An item that caught my eye in a Sunday issue of the Los Angeles Times 20 years ago remains the strangest story I’ve yet come across in the entertainment section of a newspaper. It said that the novelist Thomas Pynchon, who has never consented to be photographed or interviewed by a journalist in his adult life (unless this 2001 Japanese Playboy interview is authentic), had given script notes to John Larroquette of Night Court fame for an episode of the actor’s new TV series. Stranger still, one of these notes revealed Pynchon’s preference for the great rock’n'roll singer Roky Erickson over Willy DeVille. What a marvelous time to be alive, I thought, with what remained of my mind. Remember, this was ten years before Pynchon appeared in an episode of The Simpsons looking like the Unknown Comic, and in company so incongruous as to beggar belief.

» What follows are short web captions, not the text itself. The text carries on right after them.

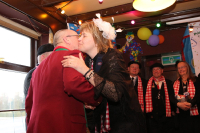 IMG_3642 (Middel)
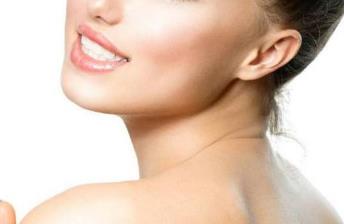 杭州痤瘡瘢痕美容醫(yī)院推薦：2023年精選前十，玻尿酸注射效果一流！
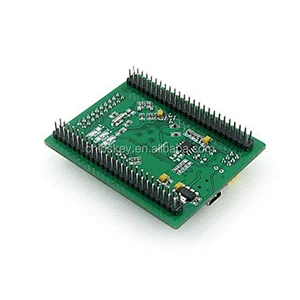 STM32 Core Board STM32F107VCT6 STM32F107 Cortex-M3 STM32 Development Board Kit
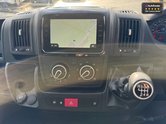 Citroen Relay LWB L3H2 [SOLD KH] Medium Roof Enterprise Bluehdi 35 EURO 6 SELECT 28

Unlike some sitcom actors you could name, Larroquette likes to read books. (He has an impressive collection of first editions with a particular focus on the work of Samuel Beckett.) For one episode in the first season of The John Larroquette Show, in which Larroquette played John Hemingway, the alcoholic manager of a bus station in St. Louis, the actor had an idea for a story about Pynchon. He sent the script to Pynchon’s agent—who I believe must have been Melanie Jackson, to whom Pynchon has been married since 1990—and the author obligingly replied. I’ve never seen the episode, “Newcomer,” which had aired several months before the article appeared, but I hold out hope it will turn up on YouTube.

Here’s the meat of the story reported by the Times:

Pynchon has a special love for the losers lost on the wayside of the American dream. So co-executive producer Larroquette decided to feature Pynchon in a script and sent the work-in-progress to Pynchon’s agent for approval.

“We made up a novel that he hasn’t written—and he gave us permission to say that he had written ‘Pandemonium of the Sun,’ ” Larroquette says.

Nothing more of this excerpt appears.